In his 2014 State of the Union address, President Obama discussed the fact that women workers are paid far less than their male colleagues: “That is wrong. And in 2014, it’s an embarrassment. Women deserve equal pay for equal work!”

Some commentators have criticized President Obama’s statement, arguing that the gender pay gap doesn’t account for occupational choices or differences in hours worked. Consider the critique about occupational choices: if women choose to work in low-paying occupations, a substantial gender pay gap can exist even if women are paid the same as men in every occupation. If this is true, we can’t honestly argue that women are being treated worse than men.

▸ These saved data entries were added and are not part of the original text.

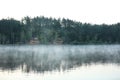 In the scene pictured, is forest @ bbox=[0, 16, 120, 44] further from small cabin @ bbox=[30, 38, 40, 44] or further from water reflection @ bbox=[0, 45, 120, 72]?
water reflection @ bbox=[0, 45, 120, 72]

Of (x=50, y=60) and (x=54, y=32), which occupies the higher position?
(x=54, y=32)

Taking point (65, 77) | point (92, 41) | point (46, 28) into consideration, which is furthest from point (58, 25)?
point (65, 77)

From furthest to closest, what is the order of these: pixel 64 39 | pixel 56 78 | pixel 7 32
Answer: pixel 64 39 → pixel 7 32 → pixel 56 78

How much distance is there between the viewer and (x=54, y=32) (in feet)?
244

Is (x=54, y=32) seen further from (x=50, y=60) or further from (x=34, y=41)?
(x=50, y=60)

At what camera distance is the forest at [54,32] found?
230 feet

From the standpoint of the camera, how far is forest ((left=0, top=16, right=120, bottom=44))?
70.0m

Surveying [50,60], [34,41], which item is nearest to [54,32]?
[34,41]

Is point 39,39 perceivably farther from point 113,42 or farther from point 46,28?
point 113,42

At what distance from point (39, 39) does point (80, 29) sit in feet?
28.3

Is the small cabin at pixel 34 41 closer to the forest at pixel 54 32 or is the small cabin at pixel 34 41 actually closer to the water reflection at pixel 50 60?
the forest at pixel 54 32

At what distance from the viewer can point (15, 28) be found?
7031cm

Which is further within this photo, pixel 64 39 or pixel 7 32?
pixel 64 39

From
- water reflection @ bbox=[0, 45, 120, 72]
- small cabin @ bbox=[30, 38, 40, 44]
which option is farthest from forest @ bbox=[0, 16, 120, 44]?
water reflection @ bbox=[0, 45, 120, 72] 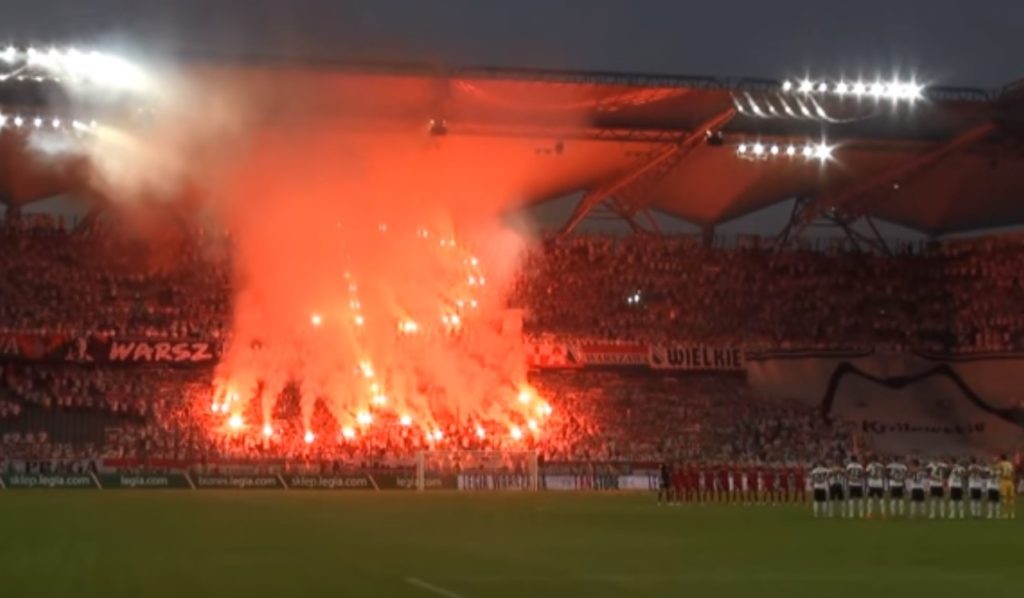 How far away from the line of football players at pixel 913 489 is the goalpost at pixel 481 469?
1666 cm

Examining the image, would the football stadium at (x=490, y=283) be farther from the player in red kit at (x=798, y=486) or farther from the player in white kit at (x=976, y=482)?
the player in white kit at (x=976, y=482)

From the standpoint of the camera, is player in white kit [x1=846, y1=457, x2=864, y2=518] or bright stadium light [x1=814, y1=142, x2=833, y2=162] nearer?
player in white kit [x1=846, y1=457, x2=864, y2=518]

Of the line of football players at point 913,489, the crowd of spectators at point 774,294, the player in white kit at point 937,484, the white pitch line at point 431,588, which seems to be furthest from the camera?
the crowd of spectators at point 774,294

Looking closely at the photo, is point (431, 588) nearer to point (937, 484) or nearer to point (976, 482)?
point (976, 482)

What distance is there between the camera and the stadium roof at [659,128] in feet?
179

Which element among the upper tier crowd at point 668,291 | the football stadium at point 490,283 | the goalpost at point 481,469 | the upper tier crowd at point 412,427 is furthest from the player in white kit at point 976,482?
the upper tier crowd at point 668,291

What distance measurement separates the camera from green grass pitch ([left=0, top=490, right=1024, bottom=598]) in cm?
1809

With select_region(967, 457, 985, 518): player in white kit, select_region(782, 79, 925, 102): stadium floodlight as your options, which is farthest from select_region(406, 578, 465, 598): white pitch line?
select_region(782, 79, 925, 102): stadium floodlight

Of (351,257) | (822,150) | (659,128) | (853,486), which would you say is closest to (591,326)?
(351,257)

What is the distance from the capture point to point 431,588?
17.9m

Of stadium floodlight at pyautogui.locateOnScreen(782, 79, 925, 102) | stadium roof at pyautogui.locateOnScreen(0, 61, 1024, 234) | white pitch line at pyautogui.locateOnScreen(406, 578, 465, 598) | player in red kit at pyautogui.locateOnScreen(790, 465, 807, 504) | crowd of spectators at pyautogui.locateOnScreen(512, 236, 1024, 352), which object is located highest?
stadium floodlight at pyautogui.locateOnScreen(782, 79, 925, 102)

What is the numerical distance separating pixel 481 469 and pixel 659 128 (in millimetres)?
13751

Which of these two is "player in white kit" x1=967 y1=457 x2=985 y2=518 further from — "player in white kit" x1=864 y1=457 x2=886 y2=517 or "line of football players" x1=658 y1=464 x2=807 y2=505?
"line of football players" x1=658 y1=464 x2=807 y2=505

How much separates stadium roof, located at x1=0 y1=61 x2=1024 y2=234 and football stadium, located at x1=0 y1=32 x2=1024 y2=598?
0.49ft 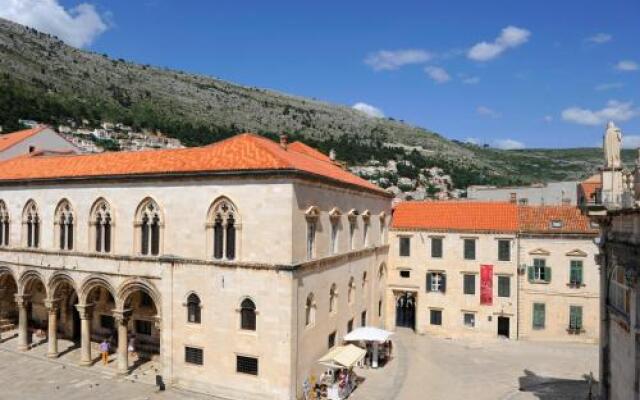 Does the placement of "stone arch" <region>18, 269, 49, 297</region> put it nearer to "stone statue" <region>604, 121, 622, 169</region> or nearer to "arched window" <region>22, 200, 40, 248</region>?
"arched window" <region>22, 200, 40, 248</region>

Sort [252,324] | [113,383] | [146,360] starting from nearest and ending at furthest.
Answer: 1. [252,324]
2. [113,383]
3. [146,360]

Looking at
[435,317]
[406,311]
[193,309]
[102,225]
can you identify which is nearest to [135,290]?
[193,309]

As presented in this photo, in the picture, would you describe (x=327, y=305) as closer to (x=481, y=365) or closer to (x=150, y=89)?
(x=481, y=365)

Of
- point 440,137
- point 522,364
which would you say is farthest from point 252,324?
point 440,137

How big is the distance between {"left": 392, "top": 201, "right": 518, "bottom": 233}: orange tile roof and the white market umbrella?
12.0 meters

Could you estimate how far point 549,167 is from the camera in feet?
491

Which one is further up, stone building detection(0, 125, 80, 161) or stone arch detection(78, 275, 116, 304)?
stone building detection(0, 125, 80, 161)

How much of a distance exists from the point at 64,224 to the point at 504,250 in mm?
29947

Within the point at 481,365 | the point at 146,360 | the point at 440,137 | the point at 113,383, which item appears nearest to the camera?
the point at 113,383

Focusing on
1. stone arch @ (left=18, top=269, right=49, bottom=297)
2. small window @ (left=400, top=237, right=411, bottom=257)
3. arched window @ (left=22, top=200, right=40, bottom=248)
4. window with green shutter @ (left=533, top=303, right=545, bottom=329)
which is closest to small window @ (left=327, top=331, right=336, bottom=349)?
small window @ (left=400, top=237, right=411, bottom=257)

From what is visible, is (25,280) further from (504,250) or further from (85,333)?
(504,250)

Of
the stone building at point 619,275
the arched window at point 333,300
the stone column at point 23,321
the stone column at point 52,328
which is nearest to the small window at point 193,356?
the arched window at point 333,300

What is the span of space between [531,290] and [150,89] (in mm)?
116066

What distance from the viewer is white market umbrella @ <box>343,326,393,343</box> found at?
1075 inches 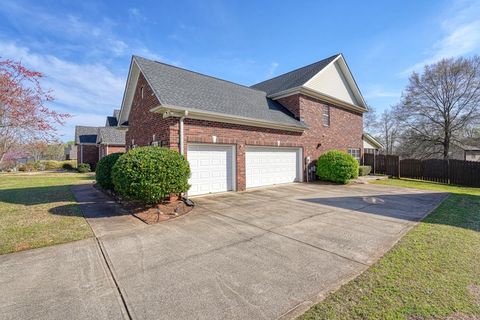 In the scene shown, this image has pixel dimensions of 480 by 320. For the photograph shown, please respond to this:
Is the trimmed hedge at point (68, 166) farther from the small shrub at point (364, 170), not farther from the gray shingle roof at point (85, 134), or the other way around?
the small shrub at point (364, 170)

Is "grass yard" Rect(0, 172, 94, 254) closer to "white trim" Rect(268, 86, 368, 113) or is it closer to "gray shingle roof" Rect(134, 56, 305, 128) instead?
"gray shingle roof" Rect(134, 56, 305, 128)

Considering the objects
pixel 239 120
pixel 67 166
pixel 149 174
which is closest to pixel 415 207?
pixel 239 120

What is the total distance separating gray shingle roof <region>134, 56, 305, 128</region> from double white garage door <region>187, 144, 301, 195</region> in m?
1.63

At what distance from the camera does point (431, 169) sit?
16.0 m

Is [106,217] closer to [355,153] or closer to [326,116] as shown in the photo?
[326,116]

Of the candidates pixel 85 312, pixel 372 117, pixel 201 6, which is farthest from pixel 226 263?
pixel 372 117

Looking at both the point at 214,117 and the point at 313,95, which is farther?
the point at 313,95

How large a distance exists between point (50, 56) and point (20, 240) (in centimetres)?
1059

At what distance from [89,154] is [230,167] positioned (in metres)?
A: 24.7

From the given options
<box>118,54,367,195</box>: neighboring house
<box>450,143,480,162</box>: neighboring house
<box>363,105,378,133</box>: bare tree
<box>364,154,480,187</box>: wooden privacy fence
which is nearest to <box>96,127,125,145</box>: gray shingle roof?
<box>118,54,367,195</box>: neighboring house

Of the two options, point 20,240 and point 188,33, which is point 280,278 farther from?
point 188,33

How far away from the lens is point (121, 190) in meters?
6.72

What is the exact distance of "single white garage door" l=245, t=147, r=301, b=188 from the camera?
11.2 metres

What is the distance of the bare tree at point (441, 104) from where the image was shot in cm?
2247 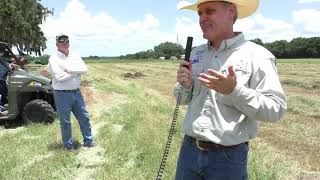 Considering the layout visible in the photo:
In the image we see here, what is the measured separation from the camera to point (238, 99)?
2.94m

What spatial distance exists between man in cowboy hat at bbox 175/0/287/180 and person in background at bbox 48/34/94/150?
5269 mm

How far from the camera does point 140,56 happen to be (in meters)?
151

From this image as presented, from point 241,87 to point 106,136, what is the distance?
6.69m

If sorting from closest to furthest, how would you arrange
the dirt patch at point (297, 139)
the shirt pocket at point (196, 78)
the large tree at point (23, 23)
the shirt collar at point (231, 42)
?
1. the shirt collar at point (231, 42)
2. the shirt pocket at point (196, 78)
3. the dirt patch at point (297, 139)
4. the large tree at point (23, 23)

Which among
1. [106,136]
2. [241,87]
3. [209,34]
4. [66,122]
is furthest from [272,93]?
[106,136]

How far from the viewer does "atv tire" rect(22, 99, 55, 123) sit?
36.7ft

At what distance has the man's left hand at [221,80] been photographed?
112 inches

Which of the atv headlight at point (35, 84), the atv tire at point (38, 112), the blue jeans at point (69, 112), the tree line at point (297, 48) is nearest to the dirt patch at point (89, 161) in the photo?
the blue jeans at point (69, 112)

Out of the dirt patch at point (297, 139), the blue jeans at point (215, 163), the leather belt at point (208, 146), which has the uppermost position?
the leather belt at point (208, 146)

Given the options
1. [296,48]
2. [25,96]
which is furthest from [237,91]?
[296,48]

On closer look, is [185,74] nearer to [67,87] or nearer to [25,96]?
[67,87]

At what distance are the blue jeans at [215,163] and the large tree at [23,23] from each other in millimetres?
34273

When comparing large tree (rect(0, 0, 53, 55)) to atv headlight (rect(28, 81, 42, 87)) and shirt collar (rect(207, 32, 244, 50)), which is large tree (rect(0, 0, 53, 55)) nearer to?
atv headlight (rect(28, 81, 42, 87))

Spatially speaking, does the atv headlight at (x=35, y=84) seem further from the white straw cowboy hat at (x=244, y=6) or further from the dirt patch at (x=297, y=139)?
the white straw cowboy hat at (x=244, y=6) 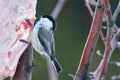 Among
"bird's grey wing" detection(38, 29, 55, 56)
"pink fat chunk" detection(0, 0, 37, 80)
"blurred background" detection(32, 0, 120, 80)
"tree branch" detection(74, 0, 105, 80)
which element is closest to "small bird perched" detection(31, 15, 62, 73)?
"bird's grey wing" detection(38, 29, 55, 56)

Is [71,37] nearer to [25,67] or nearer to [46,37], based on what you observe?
[46,37]

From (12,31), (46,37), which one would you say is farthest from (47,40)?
(12,31)

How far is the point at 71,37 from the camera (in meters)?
4.74

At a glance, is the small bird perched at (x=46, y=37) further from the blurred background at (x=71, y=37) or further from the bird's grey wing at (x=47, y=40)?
the blurred background at (x=71, y=37)

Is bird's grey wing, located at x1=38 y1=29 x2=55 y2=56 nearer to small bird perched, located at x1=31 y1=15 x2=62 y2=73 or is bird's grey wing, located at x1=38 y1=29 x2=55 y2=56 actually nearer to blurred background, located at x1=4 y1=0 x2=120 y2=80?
small bird perched, located at x1=31 y1=15 x2=62 y2=73

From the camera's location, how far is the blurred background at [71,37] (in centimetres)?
444

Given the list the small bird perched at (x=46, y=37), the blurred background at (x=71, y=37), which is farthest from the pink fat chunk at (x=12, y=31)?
the blurred background at (x=71, y=37)

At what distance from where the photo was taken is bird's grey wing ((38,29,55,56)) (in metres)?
1.54

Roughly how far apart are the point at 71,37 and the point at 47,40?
3205 mm

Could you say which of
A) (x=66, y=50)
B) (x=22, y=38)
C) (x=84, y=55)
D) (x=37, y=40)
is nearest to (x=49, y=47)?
(x=37, y=40)

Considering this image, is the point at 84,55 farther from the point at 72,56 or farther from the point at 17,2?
the point at 72,56

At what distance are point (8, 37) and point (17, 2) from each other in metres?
0.10

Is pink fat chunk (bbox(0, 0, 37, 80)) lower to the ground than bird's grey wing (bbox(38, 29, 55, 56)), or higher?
higher

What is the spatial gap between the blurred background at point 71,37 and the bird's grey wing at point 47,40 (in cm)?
272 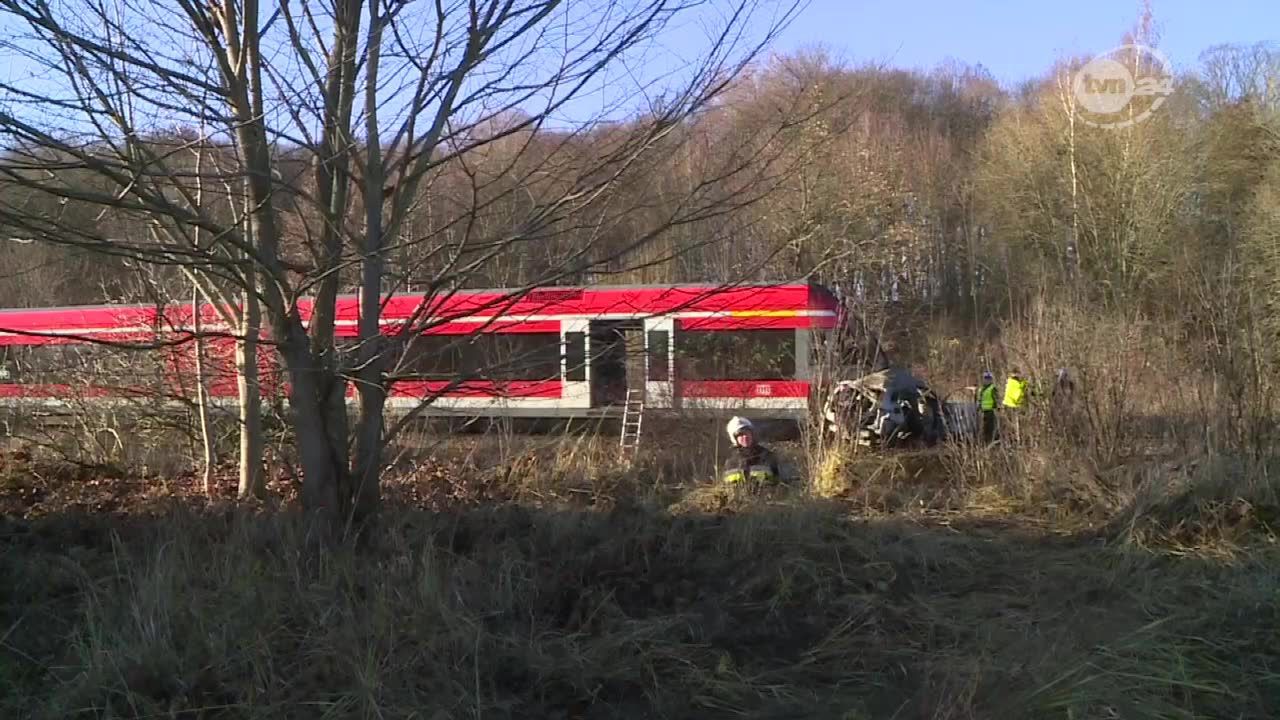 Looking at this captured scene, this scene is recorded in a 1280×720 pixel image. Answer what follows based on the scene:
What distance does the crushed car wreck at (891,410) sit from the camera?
10445 mm

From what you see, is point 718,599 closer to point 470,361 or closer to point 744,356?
point 470,361


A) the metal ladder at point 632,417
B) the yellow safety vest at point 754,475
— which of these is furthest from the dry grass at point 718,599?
the metal ladder at point 632,417

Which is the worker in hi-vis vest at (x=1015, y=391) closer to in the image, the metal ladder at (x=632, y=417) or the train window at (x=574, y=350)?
the train window at (x=574, y=350)

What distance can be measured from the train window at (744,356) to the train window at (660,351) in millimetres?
802

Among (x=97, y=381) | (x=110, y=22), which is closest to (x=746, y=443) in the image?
(x=110, y=22)

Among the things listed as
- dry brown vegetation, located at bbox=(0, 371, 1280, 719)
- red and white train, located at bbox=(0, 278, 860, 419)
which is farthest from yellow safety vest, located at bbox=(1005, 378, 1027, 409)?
red and white train, located at bbox=(0, 278, 860, 419)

This argument can be disproved by a closer look at the data. Earlier this year, the Census Bureau published an extensive dataset which gives the 2013 median annual earnings of full-time, year-round workers by occupation. Moreover, the data is available not only by occupation but by “Detailed Occupation”—for instance, under the more general occupational title “Installation, Maintenance, and Repair Occupations,” we see a list of 36 sub-occupations such as “Avionics technicians,” “Control and valve installers and repairers,” “Radio and telecommunications equipment installers and repairers,” etc. Because the data give such detailed breakdowns, we are allowed to isolate the effect of occupation on the gender pay gap; and because the data are for “full-time, year-round workers,” it already controls for hours worked to a substantial degree.

If men and women received equal pay for equal work, we’d expect the data to show that the two groups are paid equally within each occupation. And insofar as any pay discrepancies did exist, we’d expect that the distribution of such discrepancies would be fairly equal—that is, if men were paid substantially more than women in ten occupations, we’d expect that women would be paid substantially more than men in ten occupations as well. However, this isn’t what we see in the Census data. The Bureau has data on 525 occupations. Of these occupations, 214 have such low employment that we can’t reliably estimate the occupation’s gender earnings gap. That leaves us with 311 occupations. And of those 311, women make more than men in only nine. As the reader can see below, this means that men make more than women in 97.1 percent of all occupations:

 

Gender Pay Inequality Is Widespread

 

Furthermore, in the few occupations in which women do make more, they often don’t make substantially more. In two of the nine occupations in which women make more, they earn 0.17 percent more than men; in another occupation, they earn 0.47 percent more. By contrast, in about 90 percent of all occupations, women make at least 5 percent less than men.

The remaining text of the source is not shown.